FKF studied 10 men and women ages 18 to 34 by using UCLA's functional Magnetic Resonance Imaging (fMRI) brain-imaging system. fMRI is a relatively new technology used to analyze activity, or blood flow, in various centers of the brain that govern people's desires, fears and other cognitive control centers. When specific areas of the brain are active, blood circulation and oxygen increase in those regions, and the imaging technology can detect that activity.

Aside from the relative triviality of Super Bowl ad responses, the technology is fueling a revolution in scientific understanding of the brain and human emotions. In the last five years, fMRI has helped neuroscientists study human choices and behavior, laying the groundwork for the understanding of how people make decisions. Freedman said that the science is now also informing other academic fields like economics, sociology and, of course, marketing.

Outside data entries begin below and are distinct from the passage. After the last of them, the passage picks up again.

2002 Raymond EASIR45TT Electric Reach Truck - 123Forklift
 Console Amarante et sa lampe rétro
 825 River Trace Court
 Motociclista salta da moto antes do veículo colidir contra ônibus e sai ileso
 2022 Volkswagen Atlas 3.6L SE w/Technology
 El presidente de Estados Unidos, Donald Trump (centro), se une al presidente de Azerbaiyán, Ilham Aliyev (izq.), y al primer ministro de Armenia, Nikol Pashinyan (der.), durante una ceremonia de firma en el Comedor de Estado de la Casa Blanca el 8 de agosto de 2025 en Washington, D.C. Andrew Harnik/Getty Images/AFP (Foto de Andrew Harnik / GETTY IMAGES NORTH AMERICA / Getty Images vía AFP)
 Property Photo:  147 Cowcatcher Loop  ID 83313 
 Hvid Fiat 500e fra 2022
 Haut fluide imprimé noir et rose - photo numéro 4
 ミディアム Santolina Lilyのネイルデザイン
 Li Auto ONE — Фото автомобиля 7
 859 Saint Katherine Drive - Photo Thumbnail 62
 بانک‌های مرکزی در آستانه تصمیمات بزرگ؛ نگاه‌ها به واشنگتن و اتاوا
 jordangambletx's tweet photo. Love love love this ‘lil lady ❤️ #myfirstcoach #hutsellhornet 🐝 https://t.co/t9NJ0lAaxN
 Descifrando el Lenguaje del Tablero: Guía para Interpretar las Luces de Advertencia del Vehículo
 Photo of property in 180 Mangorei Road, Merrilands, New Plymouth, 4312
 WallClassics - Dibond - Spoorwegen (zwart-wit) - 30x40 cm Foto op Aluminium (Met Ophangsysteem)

Through brain imaging, for example, FKF has found that people typically ignore between a third and half of all commercials. And while the Super Bowl is known for its standout and pricey commercials (advertisers reportedly dropped $2.6 million on 30-second spots this year), the 2007 Super Bowl was no exception. "The majority (of ads) elicited very little response," Freedman said.

Top-ranking ads

Coca-Cola: "Video Game"
Doritos: "Live the Flavor"
Bud Light: "Hitchhiker"

Worst-ranking ads

Emerald Nuts: "Robert Goulet"
Honda: "CRV Crave"
Sprint: "Connectile Dysfunction"

Source: FKF Applied Research

The commercials that did fire up people's neurons were largely playing on human fears and anxieties, according to Freedman. That's a recipe for bad marketing, he said, because people typically filter out such commercials after their first viewing.

"This clearly was the year of the amygdala, the brain's 'threat detector,'" he said.

As a result, the big losers were ads like GM's "Robot," which shows a carmaking robot that becomes depressed when it loses its factory job. Another low scorer was Sprint's "Connectile Dysfunction"--a play on erectile dysfunction ads, but for broadband.

The worst commercial, according to FKF, was Emerald Nuts' commercial, which shows entertainer Robert Goulet messing with office workers' stuff while they're asleep.

So if these commercials spark anxiety so well, why aren't they more successful? Freedman said that the brain works in a modular fashion, and a person can be like the CEO of many little brains, weighing various responses in the background like, "Does this make me feel safe? Is this something I want? Will this make me more desirable?" In general, when people are anxious, they will push away whatever is making them feel that way.

In the positive column, FKF found that Doritos' "Live the Flavor" commercial ran neck and neck with Coca-Cola. Doritos' 30-second spot depicted two people--a guy in a car and a girl on the street (each with a bag of Doritos)--who become instantly smitten and then fumble around until they meet.

There's something to be said for chemistry.